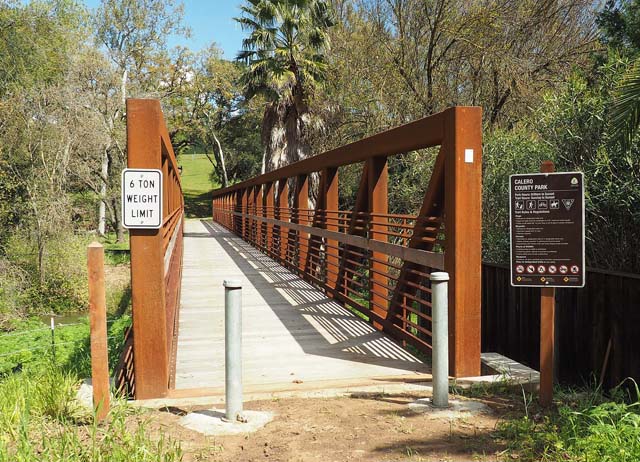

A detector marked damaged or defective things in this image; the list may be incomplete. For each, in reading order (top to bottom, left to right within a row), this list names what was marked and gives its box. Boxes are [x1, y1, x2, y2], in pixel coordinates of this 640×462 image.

rusted steel bridge structure [117, 98, 482, 400]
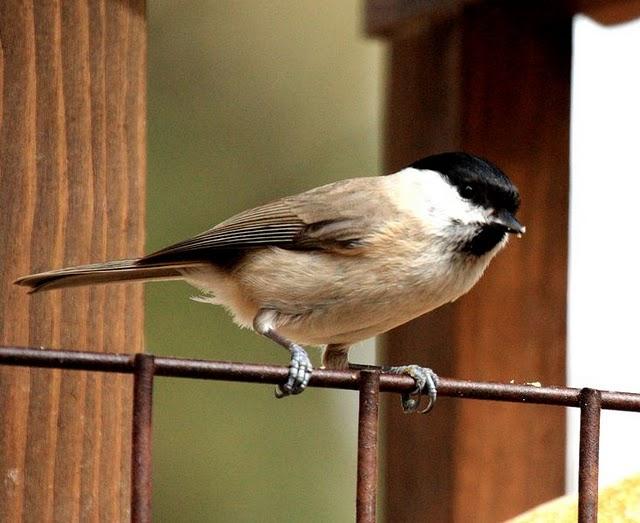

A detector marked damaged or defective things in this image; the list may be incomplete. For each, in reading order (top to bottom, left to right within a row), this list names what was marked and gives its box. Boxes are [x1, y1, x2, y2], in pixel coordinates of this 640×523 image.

rusty metal rail [1, 346, 640, 520]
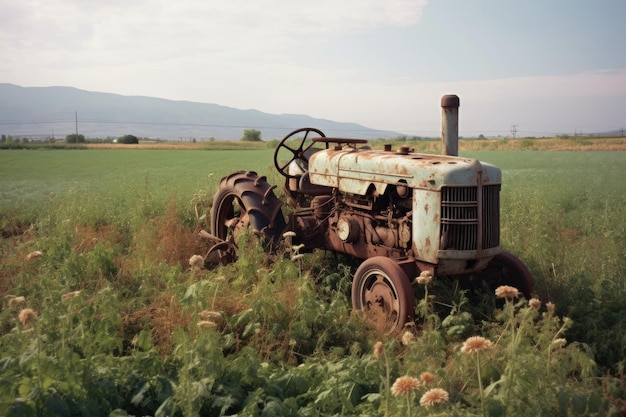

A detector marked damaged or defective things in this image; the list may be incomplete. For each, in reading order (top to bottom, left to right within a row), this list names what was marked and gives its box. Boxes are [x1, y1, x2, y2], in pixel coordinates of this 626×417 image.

rusty old tractor [200, 94, 532, 332]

+ + + + +

* **What the task requires**: The reply must contain every entry above, exactly as written, and none of the pictures.

* **Final answer**:
A detector marked damaged or defective things in this image; the list may be incomplete. For each, in reading order (top to bottom, left to right within a row), this list names what was marked and gives its box. Boxes are [x1, y1, x2, y2], in pixel coordinates of this 640×462 image.

rusted steel bridge structure [117, 98, 482, 400]

A detector marked damaged or defective things in this image; the list may be incomplete. For each, in reading order (top to bottom, left to right within a row), this list names what was marked and gives its box. Boxes are [x1, y1, x2, y2], in pixel coordinates of this 640×523 image.

rusty metal rail [1, 346, 640, 520]

A detector marked damaged or defective things in this image; the list may be incomplete. For each, in reading order (top to bottom, left to right within a row), this list names what was marked and gives its box. Boxes are [x1, y1, x2, y2], in pixel coordinates of this 626×417 image.

rusty old tractor [200, 94, 532, 332]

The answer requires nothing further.